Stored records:
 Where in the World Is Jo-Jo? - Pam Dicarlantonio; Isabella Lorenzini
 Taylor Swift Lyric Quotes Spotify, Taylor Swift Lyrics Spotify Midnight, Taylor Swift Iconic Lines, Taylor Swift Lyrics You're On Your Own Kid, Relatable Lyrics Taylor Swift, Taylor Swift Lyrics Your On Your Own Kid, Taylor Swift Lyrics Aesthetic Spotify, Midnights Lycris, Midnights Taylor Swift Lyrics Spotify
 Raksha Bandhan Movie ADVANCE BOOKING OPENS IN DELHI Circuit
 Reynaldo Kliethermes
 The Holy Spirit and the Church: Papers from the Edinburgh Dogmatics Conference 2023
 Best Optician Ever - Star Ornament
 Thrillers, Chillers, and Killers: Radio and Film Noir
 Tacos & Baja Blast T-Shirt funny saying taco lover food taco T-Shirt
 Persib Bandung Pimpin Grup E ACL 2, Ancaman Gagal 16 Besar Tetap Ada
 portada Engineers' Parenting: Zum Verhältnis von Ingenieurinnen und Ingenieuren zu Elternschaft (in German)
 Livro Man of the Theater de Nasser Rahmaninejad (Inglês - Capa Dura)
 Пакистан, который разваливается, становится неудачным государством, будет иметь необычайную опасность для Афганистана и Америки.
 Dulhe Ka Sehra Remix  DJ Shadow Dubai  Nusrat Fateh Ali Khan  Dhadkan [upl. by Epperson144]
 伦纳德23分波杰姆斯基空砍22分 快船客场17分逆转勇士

◆ **Exercise**
Set every entry down verbatim.

◆ **Result of this exercise**
 Where in the World Is Jo-Jo? - Pam Dicarlantonio; Isabella Lorenzini
 Taylor Swift Lyric Quotes Spotify, Taylor Swift Lyrics Spotify Midnight, Taylor Swift Iconic Lines, Taylor Swift Lyrics You're On Your Own Kid, Relatable Lyrics Taylor Swift, Taylor Swift Lyrics Your On Your Own Kid, Taylor Swift Lyrics Aesthetic Spotify, Midnights Lycris, Midnights Taylor Swift Lyrics Spotify
 Raksha Bandhan Movie ADVANCE BOOKING OPENS IN DELHI Circuit
 Reynaldo Kliethermes
 The Holy Spirit and the Church: Papers from the Edinburgh Dogmatics Conference 2023
 Best Optician Ever - Star Ornament
 Thrillers, Chillers, and Killers: Radio and Film Noir
 Tacos & Baja Blast T-Shirt funny saying taco lover food taco T-Shirt
 Persib Bandung Pimpin Grup E ACL 2, Ancaman Gagal 16 Besar Tetap Ada
 portada Engineers' Parenting: Zum Verhältnis von Ingenieurinnen und Ingenieuren zu Elternschaft (in German)
 Livro Man of the Theater de Nasser Rahmaninejad (Inglês - Capa Dura)
 Пакистан, который разваливается, становится неудачным государством, будет иметь необычайную опасность для Афганистана и Америки.
 Dulhe Ka Sehra Remix  DJ Shadow Dubai  Nusrat Fateh Ali Khan  Dhadkan [upl. by Epperson144]
 伦纳德23分波杰姆斯基空砍22分 快船客场17分逆转勇士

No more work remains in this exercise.